So, in the case of Stable Diffusion, as has been noted more than once, the model’s tendency to ‘cut off heads’ and mis-frame subjects happens because the model has been fed automatically cropped versions of the source data.
If you pass a model such data, it is going to presume, at least occasionally (after all, the data occurred occasionally), that that’s what you want to output; and it’s only because, statistically, there are enough good compositions and centralized shots that can survive arbitrary cropping, that the average output is better than this, on balance.
Buckets and Squares
As one would expect, there has been some effort in the research sector to remediate the problem.
In regard to the need for training images to actually be square, it should be noted that square formats accommodate standard PC hardware well because they respect the way that the hardware and the software written for it always scales up in multiples of 2.
Thus the standard training formats for computer vision models are 32px2, 64px2, 128px2, 256px2, and 512px2 – with increasing use of the more VRAM-hungry intermediate 768px2 and the more logically-consistent 1024px2 format.
This proceeds from the way that standard computers address memory, in powers of two, and the way that consumer and business computing hardware accords with this schema.
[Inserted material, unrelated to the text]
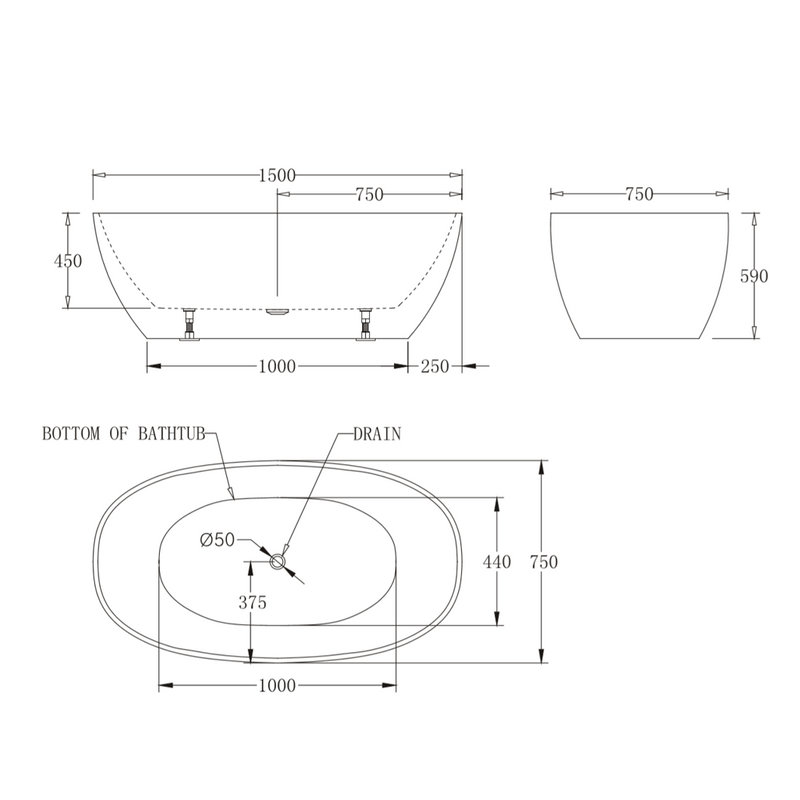 Oval Egg Shape 1500mm Gloss White Freestanding Bath - Acqua Bathrooms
Thus 13kb of data will still occupy a 16kb allocation, because that’s as granular as it gets in standard, non-quantum architecture.
In terms of getting the most out of limited machine learning resources, you might as well occupy the entire available block – and that’s always going to give you a square image space.
However, there is nothing to stop systems from breaking up images into smaller sectors, but treating the re-assembled image as a single training entity. This process, called bucketing, is currently gaining momentum in the training schemas of generative systems, and is presently used (optionally) by the SD Scripts/Kohya Low-Rank Adaptation (LoRA) open source frameworks, which allow users to train ‘sidecar’ files that can be inserted into Stable Diffusion output, without having to fine-tune the whole model.
The trouble with bucketing is that, as the name suggests, it groups similar images, and it does so by ratio and dimensions (they’re not the same thing, since a 2:3 ratio image could have any possible height and corresponding width). Therefore, if 2000 training images are one ratio, and 100 are a different ratio, training can become adversely affected, not least in terms of the time it takes, because the marginal sizes get equal attention, but represent less data. If the ratios and the image sizes are varied, the problem is compounded.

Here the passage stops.